● WORK ITEM: Reproduce the section of the listing that begins at the line containing "Hoge Nes 12 Heerjansdam thumbnail 27" and finishes at the line containing "Illustrazione di diversi tipi di chignon". Include both end lines and nothing beyond them.

● DATA EXTRACTS:
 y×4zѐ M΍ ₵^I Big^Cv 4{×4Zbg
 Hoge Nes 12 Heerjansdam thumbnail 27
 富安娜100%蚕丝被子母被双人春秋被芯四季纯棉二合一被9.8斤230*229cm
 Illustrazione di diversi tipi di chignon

...

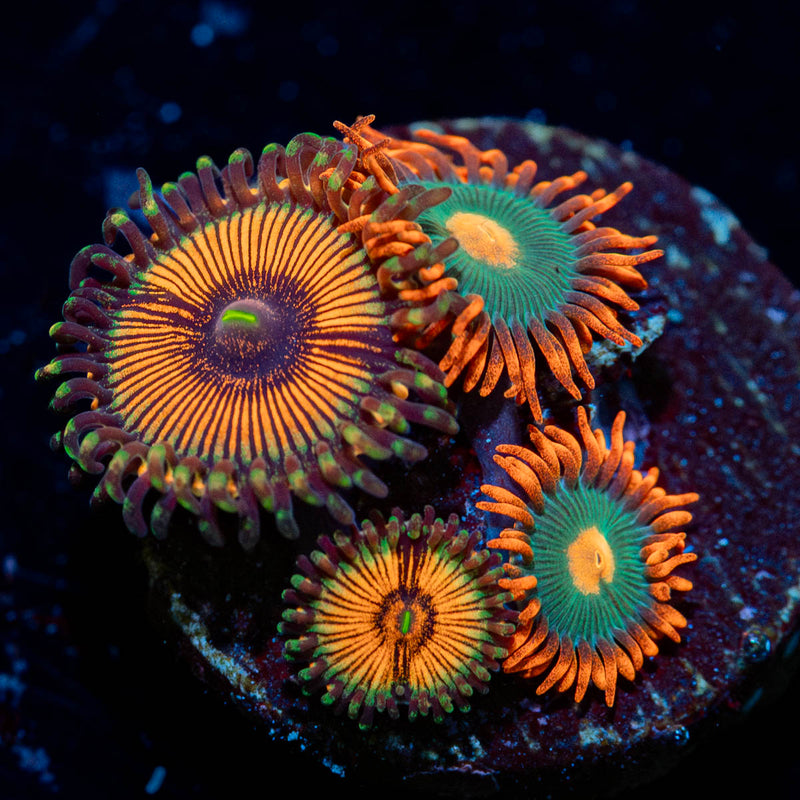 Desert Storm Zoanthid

...

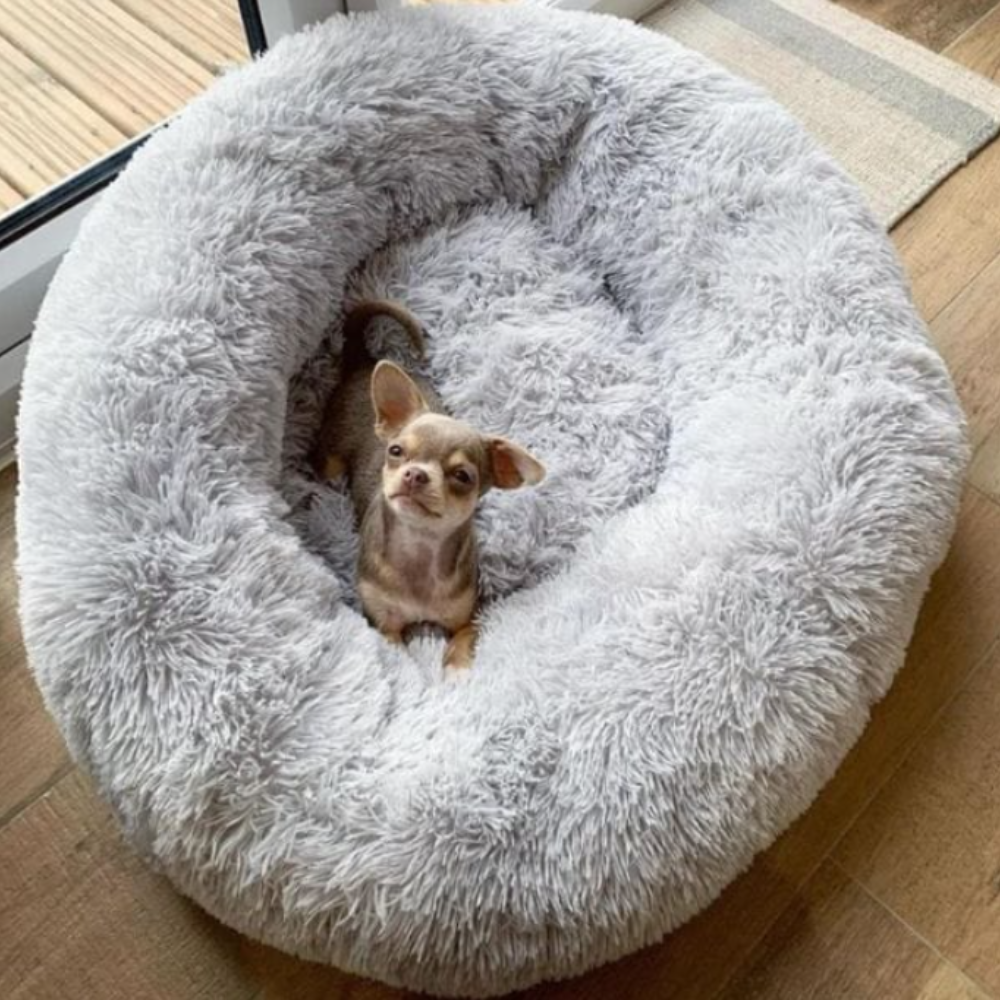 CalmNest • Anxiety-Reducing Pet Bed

● EXERCISE RESULT:
 Hoge Nes 12 Heerjansdam thumbnail 27
 富安娜100%蚕丝被子母被双人春秋被芯四季纯棉二合一被9.8斤230*229cm
 Illustrazione di diversi tipi di chignon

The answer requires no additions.